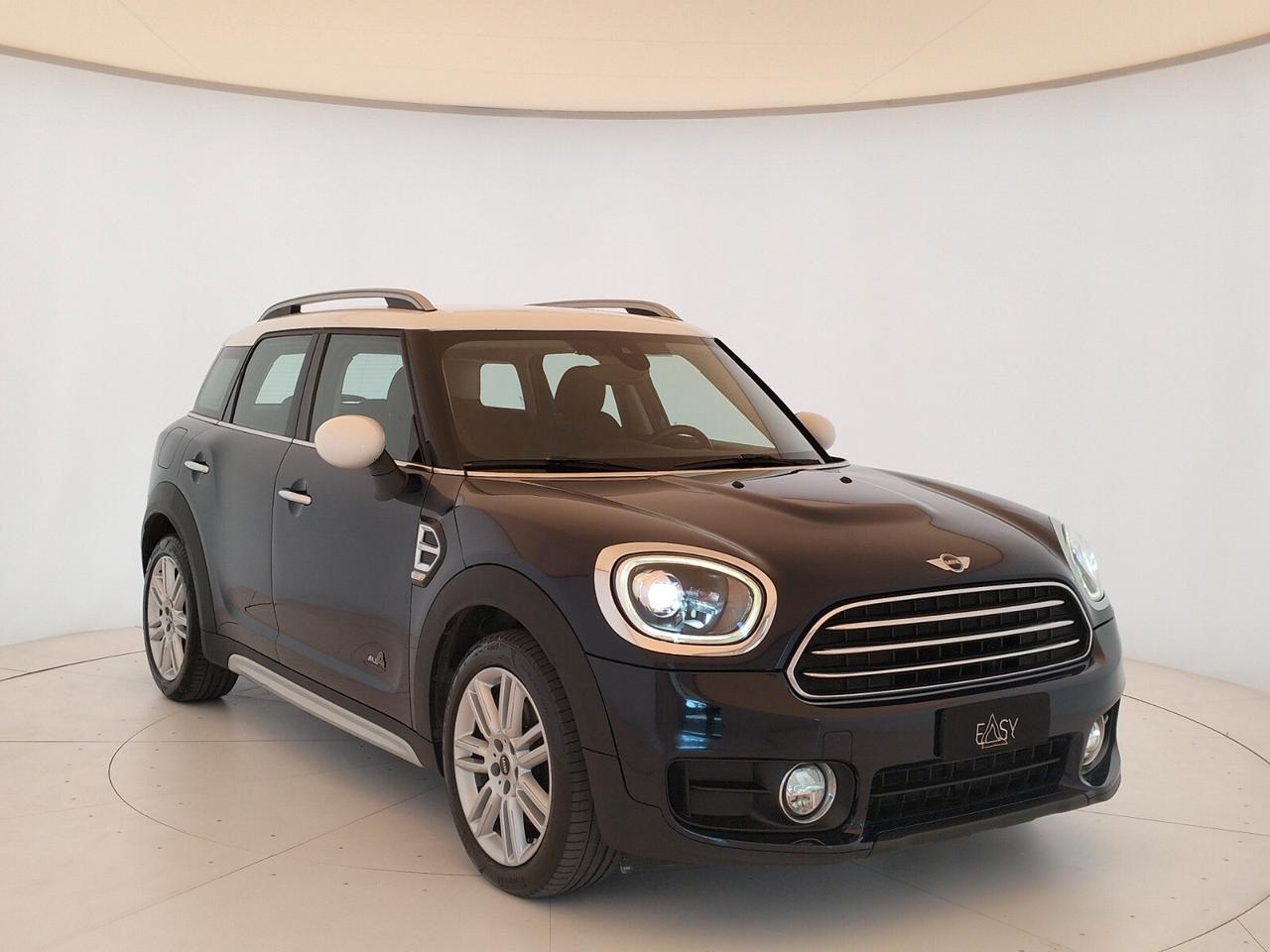 Mini Cooper D Countryman 2.0 all4 auto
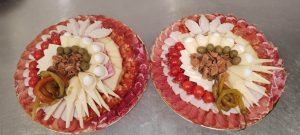 Mesna plata za 7 osoba- Pizza2You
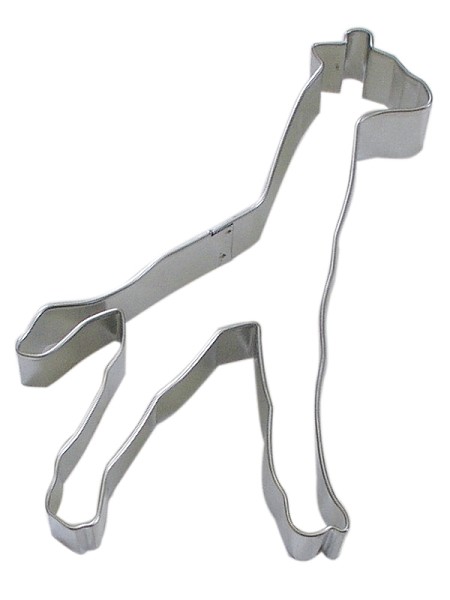Giraffe Cutter 5"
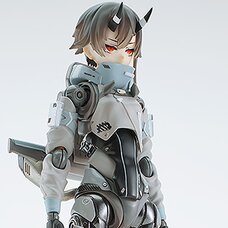 Shojo-Hatsudoki Motored Cyborg Runner SSX_155 Mandarin Surf Non-Scale Action Figure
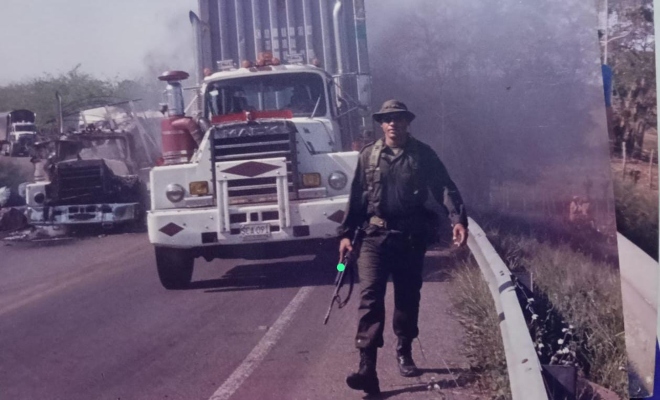 la vida de Richard Arturo Mármol de la Hoz ha sido un camino de entrega, compromiso y servicio (2)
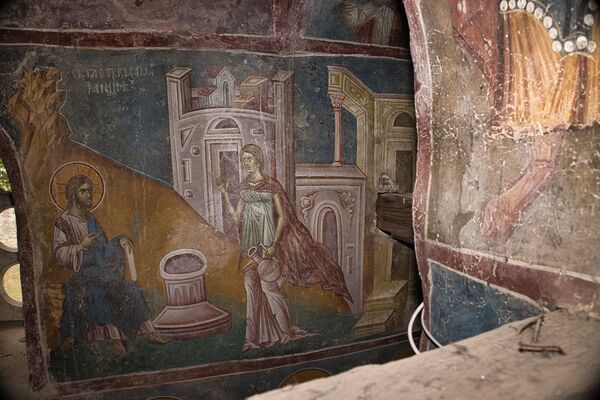 Christ and the Samaritan Woman
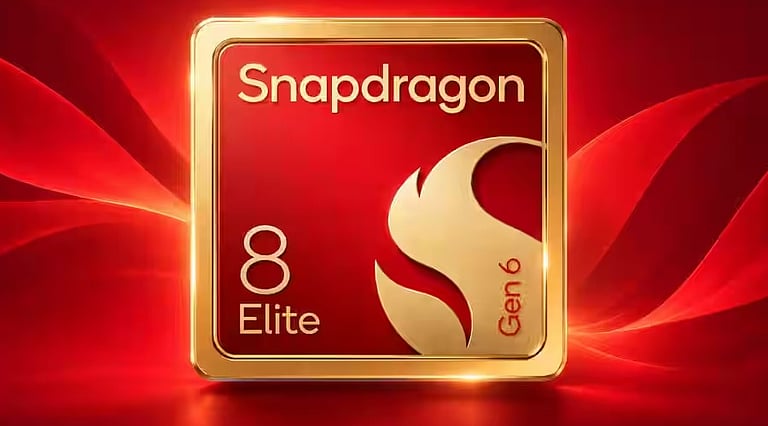 Snapdragon 8 Elite Gen 6: 5GHz CPU, 2nm Chip Could Redefine Android ...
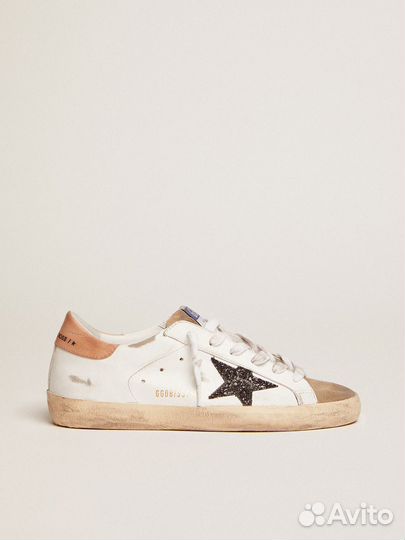 Кеды golden goose superstar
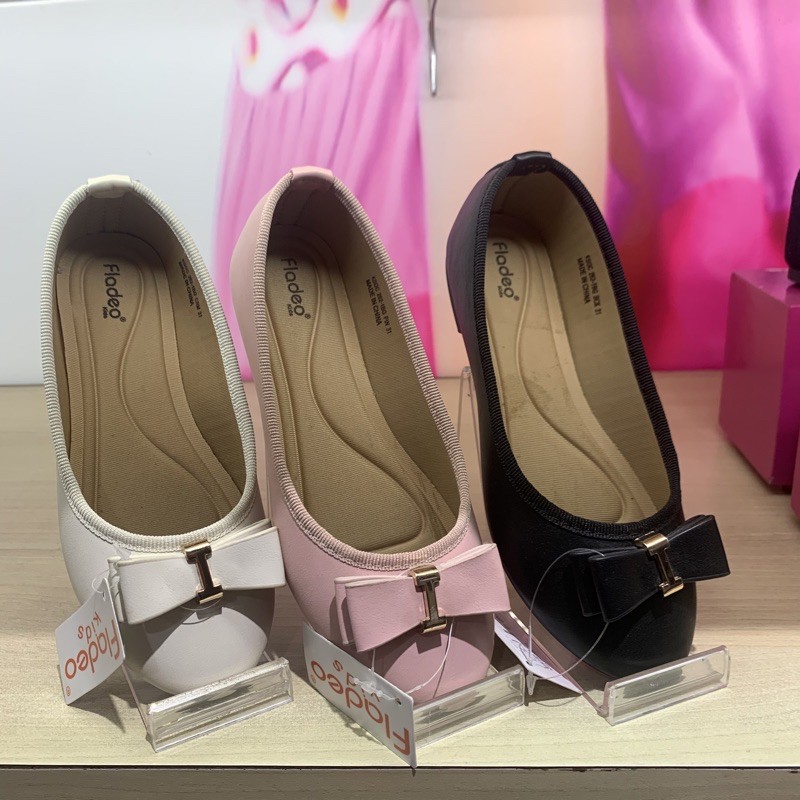Flat shoes anak fladeo kids (31-35)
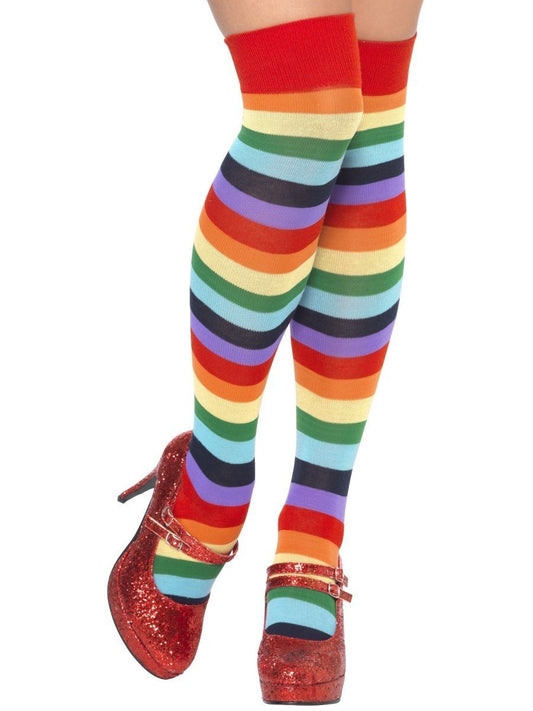 Clown Socks, Long Wholesale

# # #

What this task involves
Copy every record character for character. Skip the pictures.

Solved exercise
 Mini Cooper D Countryman 2.0 all4 auto
 Mesna plata za 7 osoba- Pizza2You
Giraffe Cutter 5"
 Shojo-Hatsudoki Motored Cyborg Runner SSX_155 Mandarin Surf Non-Scale Action Figure
 la vida de Richard Arturo Mármol de la Hoz ha sido un camino de entrega, compromiso y servicio (2)
 Christ and the Samaritan Woman
 Snapdragon 8 Elite Gen 6: 5GHz CPU, 2nm Chip Could Redefine Android ...
 Кеды golden goose superstar
Flat shoes anak fladeo kids (31-35)
 Clown Socks, Long Wholesale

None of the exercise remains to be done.